The answer must be only the lines below from the one holding "If we selected" down to the one holding "Hello everyone. In", ends included, printed exactly; please omit all pictures.

*** Opening Available records ***

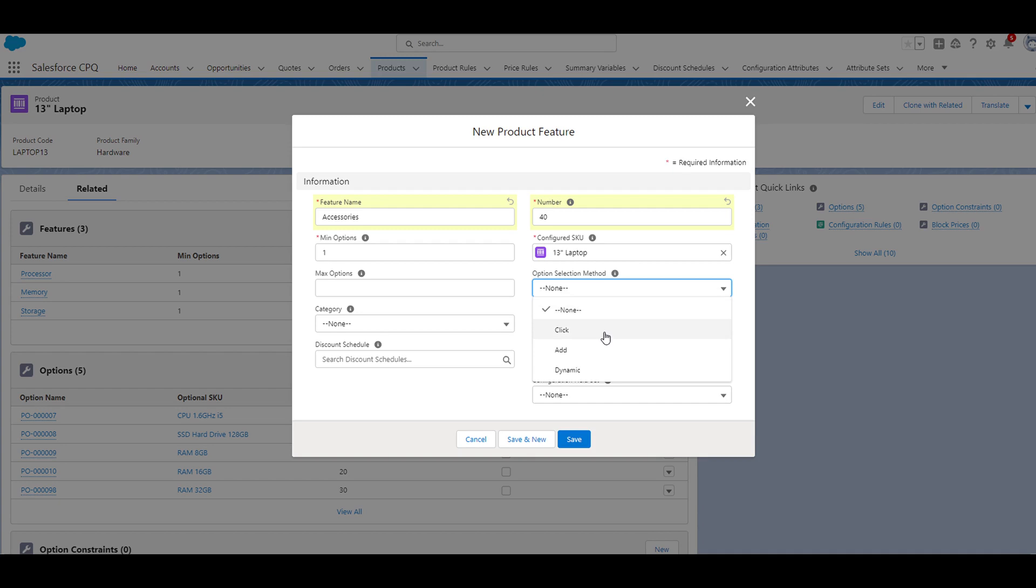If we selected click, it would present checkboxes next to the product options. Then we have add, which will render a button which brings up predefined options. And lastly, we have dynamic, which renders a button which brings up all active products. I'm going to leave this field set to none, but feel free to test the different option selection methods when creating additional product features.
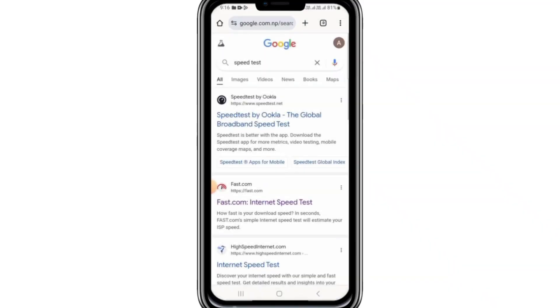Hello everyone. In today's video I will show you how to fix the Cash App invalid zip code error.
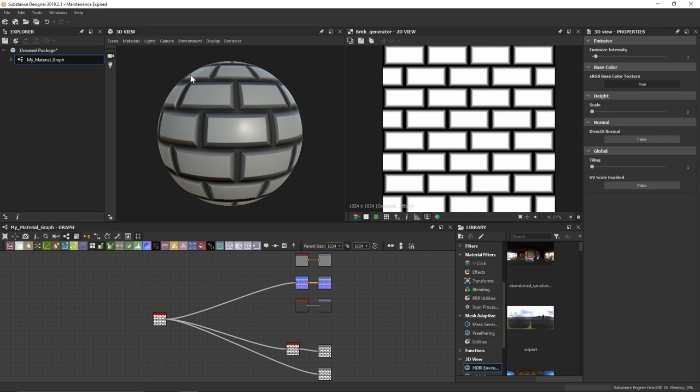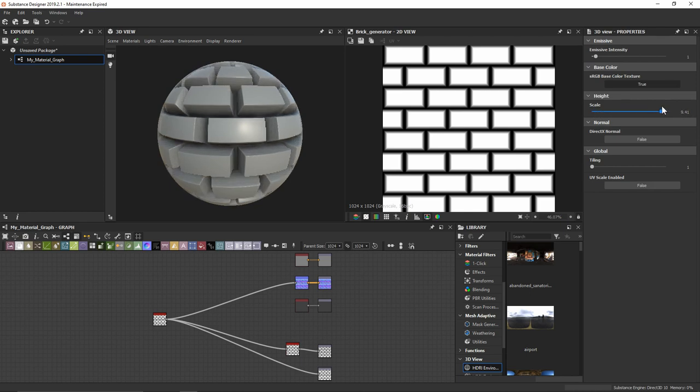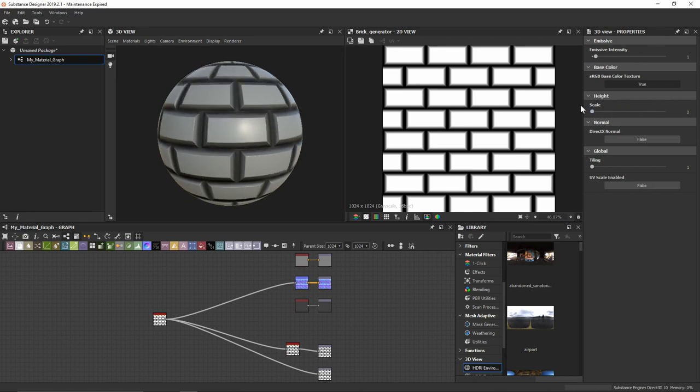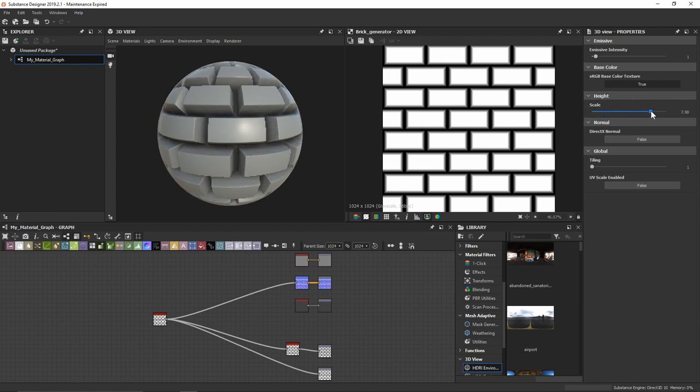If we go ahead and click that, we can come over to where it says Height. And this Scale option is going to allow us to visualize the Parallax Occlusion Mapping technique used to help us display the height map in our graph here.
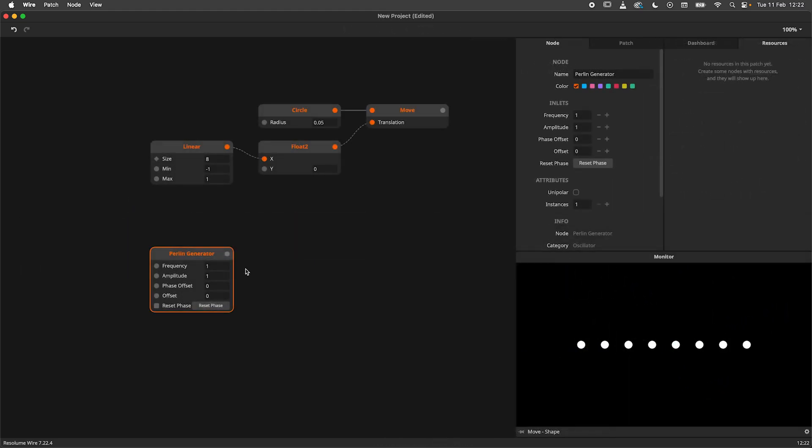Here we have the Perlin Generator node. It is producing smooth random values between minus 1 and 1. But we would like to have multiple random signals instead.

*** Closing Available records ***
*** Opening Available records ***

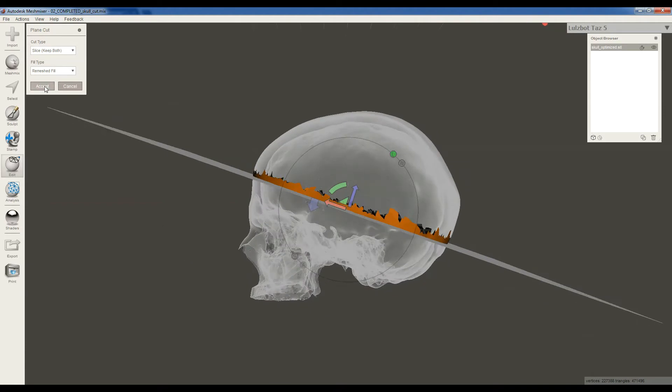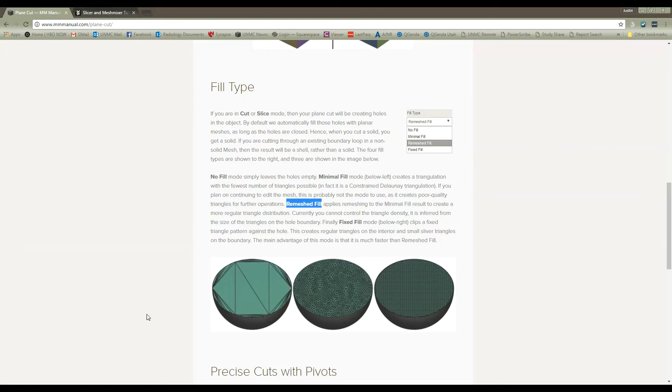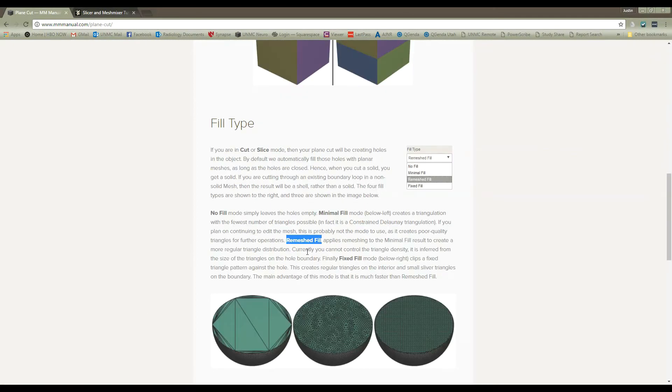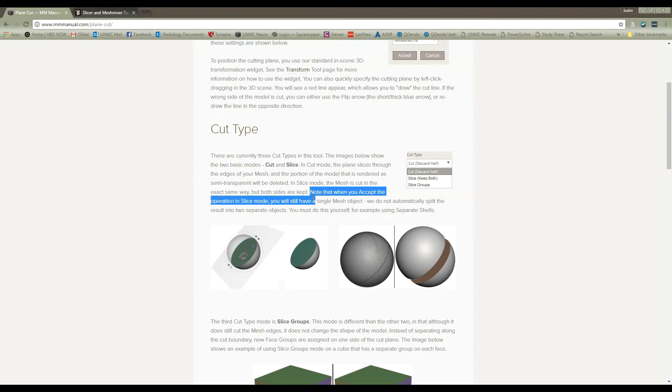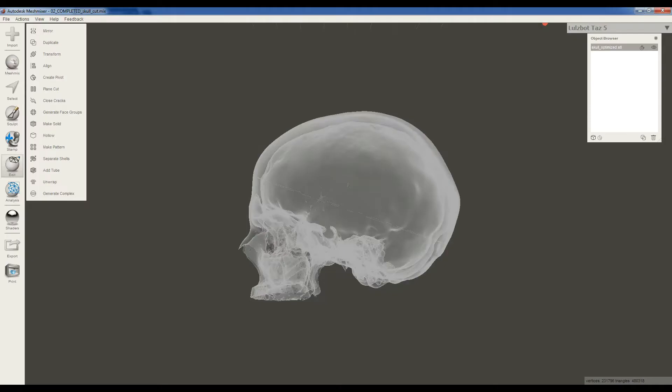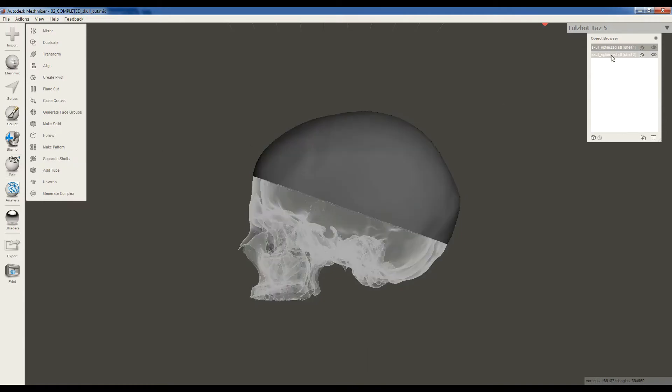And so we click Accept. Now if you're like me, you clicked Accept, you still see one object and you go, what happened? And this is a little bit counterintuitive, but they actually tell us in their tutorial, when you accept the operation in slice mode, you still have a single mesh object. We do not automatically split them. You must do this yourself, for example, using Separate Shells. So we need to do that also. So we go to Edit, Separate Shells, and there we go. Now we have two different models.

*** Closing Available records ***
*** Opening Available records ***

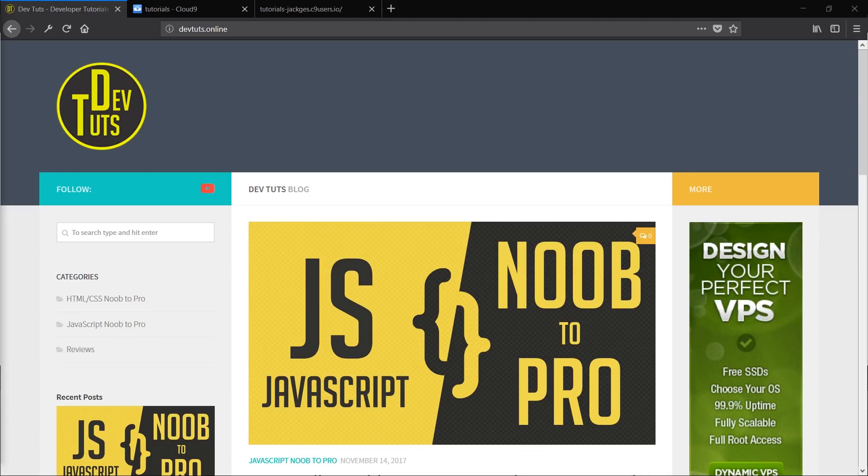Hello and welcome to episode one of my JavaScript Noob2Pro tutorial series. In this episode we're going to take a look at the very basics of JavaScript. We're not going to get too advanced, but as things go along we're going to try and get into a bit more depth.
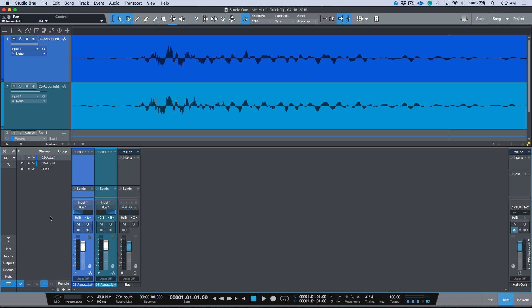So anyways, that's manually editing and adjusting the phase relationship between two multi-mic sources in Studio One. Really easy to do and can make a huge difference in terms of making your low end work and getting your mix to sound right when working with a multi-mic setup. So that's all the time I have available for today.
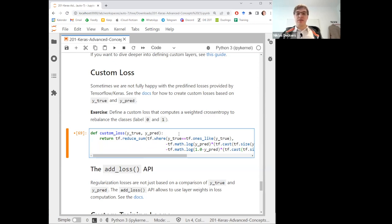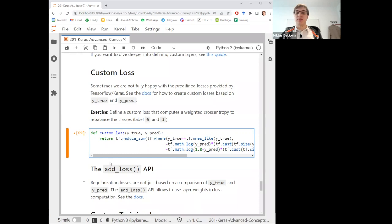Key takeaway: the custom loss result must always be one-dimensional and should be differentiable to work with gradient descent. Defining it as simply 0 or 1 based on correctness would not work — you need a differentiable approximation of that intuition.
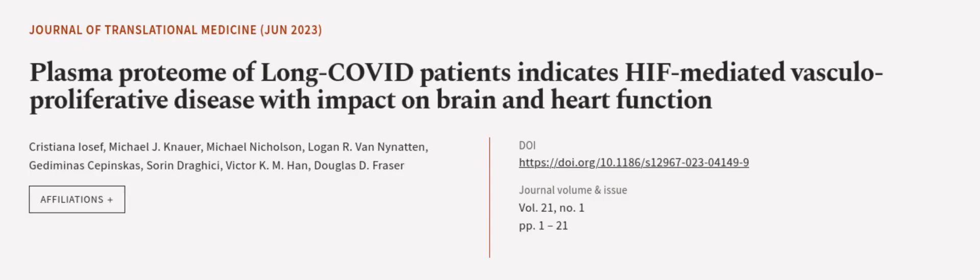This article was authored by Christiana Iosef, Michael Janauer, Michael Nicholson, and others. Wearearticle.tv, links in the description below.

*** Closing Available records ***

[Problem solution]
If we selected click, it would present checkboxes next to the product options. Then we have add, which will render a button which brings up predefined options. And lastly, we have dynamic, which renders a button which brings up all active products. I'm going to leave this field set to none, but feel free to test the different option selection methods when creating additional product features.
Hello everyone. In today's video I will show you how to fix the Cash App invalid zip code error.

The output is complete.